In a collaboration to wet even the most classically challenged fool (aka yours truly) Icarus at the Edge of Time combines a myriad of juicy talent.  Greene’s book has been turned into a multi-media extravaganza with a Philip Glass score, visuals by film-makers Al+Al and here performed by the incandescent London Philharmonic conducted by Marin Alsop with David Morrissey as narrator.  It is a star studded event brought to the Southbank Centre to mark the 350th anniversary of the Royal Society.

It’s always nice to be taken to something; usually it’s me dragging friends by their hair to performances.  This time I was the one being, if not dragged, then definitely taken by my usually reticent brother.  And I’m so glad he did.  Yes Greene falls too much in love with the positive potential of scientific discovery and the ending isn’t what it should be (this Icarus doesn’t perish, either in icy black silence or in fiery glory) but the mixture of science and art at play here is a potent one.

Introduced with an eloquence that would shame most professional speakers (and for all I know he is one) Greene starts by giving us a lesson in Einstein’s theory of relativity.  And you know what, not since Mark Steele put Jo Brand on a trampoline has it been so elegantly and simply explained to me. Greene seems to think they teach this theory of bending time and space at primary school, but I must have been absent that lesson because this is a revelation to me. 

What follows is an amalgamation of narrative, music and film collage that, if it doesn’t quite reach the heights of Glass’ other film collaboration Koyaanisqatsi, still hits a pretty poignant holistic note.

The idea of mixing science and art is not a new one, although it’s still not seen as a natural marriage.  It seems to me like a much more instinctive cohabitation than with sport, the discipline which the Powers That Be have declared us to be bedfellows with.  It is often an unhappy union.  
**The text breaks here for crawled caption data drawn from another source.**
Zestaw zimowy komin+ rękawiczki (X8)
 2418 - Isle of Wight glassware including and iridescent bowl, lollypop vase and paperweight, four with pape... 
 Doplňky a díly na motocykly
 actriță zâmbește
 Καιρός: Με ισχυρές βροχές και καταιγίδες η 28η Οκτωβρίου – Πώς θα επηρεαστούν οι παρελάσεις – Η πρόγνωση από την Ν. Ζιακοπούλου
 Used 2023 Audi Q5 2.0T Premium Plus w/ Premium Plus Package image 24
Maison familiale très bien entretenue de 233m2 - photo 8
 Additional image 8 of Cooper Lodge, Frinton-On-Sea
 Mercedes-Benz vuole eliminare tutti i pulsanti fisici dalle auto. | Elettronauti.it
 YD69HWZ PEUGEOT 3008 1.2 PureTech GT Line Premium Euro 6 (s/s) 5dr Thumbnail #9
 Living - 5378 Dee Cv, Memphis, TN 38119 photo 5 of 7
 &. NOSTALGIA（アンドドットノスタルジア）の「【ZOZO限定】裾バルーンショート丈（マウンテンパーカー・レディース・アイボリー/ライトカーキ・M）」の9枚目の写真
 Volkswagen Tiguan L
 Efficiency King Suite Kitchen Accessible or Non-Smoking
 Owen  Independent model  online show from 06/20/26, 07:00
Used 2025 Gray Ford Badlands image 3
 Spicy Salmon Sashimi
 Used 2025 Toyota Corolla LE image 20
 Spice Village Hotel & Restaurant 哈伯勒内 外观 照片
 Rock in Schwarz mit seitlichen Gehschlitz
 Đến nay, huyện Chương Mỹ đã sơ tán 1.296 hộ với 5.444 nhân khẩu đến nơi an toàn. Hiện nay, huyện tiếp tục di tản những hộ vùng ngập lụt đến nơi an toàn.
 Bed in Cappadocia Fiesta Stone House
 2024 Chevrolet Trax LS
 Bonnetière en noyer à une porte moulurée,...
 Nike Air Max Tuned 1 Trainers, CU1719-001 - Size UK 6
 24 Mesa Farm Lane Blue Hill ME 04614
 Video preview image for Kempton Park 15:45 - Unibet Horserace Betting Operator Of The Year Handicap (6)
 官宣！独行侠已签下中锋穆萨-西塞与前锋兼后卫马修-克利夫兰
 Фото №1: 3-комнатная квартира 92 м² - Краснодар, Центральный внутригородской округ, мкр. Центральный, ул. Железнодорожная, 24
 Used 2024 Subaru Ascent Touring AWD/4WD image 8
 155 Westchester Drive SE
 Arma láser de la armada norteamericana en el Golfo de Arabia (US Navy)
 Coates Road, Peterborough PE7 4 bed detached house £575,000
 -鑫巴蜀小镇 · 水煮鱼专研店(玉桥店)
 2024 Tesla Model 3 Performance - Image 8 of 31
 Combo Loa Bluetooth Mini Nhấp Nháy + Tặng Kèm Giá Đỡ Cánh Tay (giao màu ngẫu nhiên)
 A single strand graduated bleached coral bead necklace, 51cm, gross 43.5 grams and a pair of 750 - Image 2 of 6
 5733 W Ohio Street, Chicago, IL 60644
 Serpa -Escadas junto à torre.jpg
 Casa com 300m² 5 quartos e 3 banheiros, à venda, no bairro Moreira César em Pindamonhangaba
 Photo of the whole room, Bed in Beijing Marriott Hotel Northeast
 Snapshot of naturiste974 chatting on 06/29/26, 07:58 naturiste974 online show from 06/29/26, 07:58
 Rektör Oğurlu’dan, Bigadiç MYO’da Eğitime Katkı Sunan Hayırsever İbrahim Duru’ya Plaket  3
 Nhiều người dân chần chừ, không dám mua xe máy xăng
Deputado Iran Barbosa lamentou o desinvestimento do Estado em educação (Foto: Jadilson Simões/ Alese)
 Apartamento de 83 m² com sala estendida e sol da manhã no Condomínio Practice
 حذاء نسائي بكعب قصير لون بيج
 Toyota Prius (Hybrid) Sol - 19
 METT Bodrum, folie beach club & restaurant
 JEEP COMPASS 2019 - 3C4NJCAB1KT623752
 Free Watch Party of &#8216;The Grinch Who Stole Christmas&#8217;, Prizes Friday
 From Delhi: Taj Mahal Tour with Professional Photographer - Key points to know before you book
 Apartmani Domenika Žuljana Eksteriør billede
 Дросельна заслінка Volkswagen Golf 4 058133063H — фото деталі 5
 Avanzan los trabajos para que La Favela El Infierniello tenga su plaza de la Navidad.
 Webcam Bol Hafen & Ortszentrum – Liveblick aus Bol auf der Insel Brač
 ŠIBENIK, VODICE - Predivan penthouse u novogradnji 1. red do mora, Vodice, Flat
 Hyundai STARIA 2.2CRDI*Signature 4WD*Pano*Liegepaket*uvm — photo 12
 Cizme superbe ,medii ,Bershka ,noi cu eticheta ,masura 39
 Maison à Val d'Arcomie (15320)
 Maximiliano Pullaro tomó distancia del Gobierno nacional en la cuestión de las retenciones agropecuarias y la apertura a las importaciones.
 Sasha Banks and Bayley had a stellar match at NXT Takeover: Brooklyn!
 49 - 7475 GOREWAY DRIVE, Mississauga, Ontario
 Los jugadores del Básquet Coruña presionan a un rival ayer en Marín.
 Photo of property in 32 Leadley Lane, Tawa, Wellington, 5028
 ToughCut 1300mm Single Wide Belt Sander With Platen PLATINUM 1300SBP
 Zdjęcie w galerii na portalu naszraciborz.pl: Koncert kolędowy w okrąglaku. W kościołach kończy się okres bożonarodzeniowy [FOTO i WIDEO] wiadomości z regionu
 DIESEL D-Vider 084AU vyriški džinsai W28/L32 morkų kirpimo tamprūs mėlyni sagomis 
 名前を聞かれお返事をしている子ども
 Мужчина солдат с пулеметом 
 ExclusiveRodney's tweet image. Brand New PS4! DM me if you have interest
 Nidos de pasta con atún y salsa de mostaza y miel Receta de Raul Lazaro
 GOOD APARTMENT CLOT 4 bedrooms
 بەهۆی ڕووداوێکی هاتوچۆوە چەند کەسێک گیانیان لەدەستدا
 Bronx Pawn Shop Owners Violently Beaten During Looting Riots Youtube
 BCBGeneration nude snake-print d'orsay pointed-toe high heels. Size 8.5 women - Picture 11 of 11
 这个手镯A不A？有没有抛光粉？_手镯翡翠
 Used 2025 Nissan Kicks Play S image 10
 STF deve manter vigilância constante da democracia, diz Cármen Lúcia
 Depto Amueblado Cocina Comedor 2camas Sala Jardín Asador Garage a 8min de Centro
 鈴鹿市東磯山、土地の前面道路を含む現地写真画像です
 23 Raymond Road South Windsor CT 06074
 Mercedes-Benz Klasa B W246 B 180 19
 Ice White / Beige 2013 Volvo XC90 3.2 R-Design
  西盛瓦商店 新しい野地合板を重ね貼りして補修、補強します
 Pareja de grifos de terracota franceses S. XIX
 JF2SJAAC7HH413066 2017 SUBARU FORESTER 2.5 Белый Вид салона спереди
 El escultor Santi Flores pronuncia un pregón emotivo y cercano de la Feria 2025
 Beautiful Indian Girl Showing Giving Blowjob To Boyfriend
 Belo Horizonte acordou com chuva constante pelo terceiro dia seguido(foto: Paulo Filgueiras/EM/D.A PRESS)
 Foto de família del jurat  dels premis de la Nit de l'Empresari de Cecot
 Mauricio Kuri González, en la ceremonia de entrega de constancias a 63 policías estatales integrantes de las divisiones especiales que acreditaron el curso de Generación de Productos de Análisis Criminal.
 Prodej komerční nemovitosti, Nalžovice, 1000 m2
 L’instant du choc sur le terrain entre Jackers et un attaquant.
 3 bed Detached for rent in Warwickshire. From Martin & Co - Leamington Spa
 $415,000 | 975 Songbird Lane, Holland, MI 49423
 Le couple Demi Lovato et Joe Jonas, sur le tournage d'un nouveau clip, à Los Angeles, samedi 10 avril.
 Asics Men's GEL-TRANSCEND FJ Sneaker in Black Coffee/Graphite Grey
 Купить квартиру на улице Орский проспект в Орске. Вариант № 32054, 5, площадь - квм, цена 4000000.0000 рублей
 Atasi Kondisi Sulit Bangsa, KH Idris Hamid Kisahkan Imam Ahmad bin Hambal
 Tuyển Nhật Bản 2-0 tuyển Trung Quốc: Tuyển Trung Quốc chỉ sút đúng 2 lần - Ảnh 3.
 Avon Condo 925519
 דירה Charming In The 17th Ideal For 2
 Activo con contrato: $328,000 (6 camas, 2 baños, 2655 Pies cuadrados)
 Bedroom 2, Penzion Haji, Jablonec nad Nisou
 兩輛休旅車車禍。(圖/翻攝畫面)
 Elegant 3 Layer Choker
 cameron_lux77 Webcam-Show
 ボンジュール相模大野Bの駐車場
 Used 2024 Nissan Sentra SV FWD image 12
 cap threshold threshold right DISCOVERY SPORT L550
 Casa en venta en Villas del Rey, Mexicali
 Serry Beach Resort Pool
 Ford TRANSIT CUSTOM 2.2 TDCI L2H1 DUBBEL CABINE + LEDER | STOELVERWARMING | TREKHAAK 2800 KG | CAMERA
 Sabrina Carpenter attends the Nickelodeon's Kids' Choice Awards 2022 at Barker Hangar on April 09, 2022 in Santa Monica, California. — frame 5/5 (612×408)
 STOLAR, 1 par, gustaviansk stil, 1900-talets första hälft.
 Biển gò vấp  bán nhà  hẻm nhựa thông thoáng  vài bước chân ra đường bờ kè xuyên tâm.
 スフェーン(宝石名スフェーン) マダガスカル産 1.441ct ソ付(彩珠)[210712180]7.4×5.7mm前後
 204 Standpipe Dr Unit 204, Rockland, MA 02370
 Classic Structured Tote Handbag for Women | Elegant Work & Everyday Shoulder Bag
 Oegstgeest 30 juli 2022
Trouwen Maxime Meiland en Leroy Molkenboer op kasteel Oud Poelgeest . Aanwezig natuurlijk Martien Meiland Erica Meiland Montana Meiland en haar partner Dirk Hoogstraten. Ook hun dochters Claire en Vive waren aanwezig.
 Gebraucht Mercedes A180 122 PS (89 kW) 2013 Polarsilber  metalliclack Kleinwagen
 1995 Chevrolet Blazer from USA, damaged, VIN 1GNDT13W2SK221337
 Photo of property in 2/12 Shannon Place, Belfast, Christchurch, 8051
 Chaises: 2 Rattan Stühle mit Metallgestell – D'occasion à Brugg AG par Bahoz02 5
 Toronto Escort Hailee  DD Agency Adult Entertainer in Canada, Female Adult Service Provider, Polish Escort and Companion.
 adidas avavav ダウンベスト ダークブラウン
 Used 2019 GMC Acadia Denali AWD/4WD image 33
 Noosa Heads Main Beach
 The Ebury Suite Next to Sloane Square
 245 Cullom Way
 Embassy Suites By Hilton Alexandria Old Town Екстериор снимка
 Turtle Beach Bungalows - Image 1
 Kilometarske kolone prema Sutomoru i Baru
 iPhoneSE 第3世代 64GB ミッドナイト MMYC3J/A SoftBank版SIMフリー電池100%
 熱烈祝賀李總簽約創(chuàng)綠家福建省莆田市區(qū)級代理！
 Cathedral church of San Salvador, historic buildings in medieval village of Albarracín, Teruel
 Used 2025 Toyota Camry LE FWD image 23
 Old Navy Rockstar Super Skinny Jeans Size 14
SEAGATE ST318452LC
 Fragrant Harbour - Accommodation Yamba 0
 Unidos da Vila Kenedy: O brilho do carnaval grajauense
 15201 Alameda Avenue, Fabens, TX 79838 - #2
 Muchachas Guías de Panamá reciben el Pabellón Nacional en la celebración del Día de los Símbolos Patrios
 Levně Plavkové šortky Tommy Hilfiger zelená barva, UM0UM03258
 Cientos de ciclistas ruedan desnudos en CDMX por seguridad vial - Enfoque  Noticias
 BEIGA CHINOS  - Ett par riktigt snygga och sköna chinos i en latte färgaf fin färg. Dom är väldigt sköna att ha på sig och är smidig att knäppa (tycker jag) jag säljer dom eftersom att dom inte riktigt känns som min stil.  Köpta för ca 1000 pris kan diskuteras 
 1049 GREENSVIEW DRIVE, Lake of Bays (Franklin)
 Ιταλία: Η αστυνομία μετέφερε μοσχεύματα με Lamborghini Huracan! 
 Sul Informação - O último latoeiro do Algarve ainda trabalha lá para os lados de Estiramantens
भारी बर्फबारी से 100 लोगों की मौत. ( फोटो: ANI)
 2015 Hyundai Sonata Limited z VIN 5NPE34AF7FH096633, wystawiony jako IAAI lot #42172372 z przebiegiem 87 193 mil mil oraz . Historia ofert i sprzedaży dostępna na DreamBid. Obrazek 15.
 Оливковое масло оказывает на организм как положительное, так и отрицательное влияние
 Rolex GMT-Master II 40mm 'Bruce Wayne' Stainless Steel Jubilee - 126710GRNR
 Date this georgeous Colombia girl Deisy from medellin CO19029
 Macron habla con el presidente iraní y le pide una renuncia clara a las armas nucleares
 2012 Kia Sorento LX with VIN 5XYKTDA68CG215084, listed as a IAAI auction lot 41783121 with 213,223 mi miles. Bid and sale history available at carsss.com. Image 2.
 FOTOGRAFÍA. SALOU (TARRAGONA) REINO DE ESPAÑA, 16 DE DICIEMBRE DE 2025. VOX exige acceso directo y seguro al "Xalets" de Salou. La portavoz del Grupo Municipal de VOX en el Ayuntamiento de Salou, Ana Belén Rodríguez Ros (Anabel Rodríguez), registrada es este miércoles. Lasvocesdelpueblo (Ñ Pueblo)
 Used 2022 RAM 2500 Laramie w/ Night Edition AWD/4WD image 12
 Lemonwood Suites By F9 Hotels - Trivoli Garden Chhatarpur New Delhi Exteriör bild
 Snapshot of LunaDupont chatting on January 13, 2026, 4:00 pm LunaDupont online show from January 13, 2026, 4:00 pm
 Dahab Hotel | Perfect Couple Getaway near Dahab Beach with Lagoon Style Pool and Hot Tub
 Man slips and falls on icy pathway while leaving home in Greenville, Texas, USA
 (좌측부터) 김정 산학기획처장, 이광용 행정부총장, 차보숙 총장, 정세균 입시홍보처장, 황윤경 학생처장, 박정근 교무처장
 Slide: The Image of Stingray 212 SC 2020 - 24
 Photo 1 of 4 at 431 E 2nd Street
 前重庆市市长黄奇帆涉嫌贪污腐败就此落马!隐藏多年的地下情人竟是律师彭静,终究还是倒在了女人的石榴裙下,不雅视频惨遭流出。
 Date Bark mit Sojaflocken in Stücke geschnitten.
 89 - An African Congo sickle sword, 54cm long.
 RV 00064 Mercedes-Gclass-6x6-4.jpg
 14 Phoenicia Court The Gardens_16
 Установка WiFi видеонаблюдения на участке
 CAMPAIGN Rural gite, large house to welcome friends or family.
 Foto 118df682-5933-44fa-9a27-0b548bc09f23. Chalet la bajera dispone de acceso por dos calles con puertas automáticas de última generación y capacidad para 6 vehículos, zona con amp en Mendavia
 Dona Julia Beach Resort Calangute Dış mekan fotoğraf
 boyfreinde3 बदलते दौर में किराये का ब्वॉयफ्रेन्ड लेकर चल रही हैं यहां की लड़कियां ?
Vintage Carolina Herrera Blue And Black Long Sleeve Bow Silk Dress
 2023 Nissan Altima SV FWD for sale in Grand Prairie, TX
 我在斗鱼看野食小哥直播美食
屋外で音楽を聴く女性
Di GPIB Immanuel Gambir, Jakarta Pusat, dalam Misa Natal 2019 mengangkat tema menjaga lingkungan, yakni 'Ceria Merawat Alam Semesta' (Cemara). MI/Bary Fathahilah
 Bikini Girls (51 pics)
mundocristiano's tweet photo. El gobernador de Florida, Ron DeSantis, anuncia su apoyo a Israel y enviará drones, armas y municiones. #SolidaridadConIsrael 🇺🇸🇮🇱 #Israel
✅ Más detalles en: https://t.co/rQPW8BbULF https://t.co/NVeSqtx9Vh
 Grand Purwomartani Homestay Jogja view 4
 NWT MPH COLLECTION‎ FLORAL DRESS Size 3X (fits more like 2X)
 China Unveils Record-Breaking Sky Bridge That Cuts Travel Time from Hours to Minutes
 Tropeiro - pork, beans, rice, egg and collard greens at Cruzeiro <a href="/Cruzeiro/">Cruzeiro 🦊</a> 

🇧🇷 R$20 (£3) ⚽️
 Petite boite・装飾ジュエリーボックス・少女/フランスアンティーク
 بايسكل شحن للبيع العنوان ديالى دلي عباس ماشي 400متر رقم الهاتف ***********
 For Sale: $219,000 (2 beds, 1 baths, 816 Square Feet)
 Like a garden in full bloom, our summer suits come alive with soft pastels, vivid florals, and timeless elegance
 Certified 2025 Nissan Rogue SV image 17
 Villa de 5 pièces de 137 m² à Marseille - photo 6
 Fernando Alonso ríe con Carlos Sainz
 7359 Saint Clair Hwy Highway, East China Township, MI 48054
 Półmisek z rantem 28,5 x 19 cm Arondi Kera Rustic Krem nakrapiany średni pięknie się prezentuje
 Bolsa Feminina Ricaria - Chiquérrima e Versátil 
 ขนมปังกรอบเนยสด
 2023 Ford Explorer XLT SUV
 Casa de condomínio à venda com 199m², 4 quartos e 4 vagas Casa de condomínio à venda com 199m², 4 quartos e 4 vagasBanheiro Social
However over recent years and in great scientific tradition we seem to be moving forward.  Institutes such as The Wellcome Trust Galleries and prominent practitioners such as Mick Gordon and Theatre de Complicite, to name but a few, are regularly combining both to create hybrid works of scientific (mathematic) and artistic discovery.  Icarus certainly did so beautifully, asking practical and philosophical questions that were awesome both spiritually and empirically. 

The wonderful institute Theatre Science’s cheerfully slogan says it all ‘Illuminating science and inspiring new theatre’; this is a burgeoning relationship that we should all be encouraging.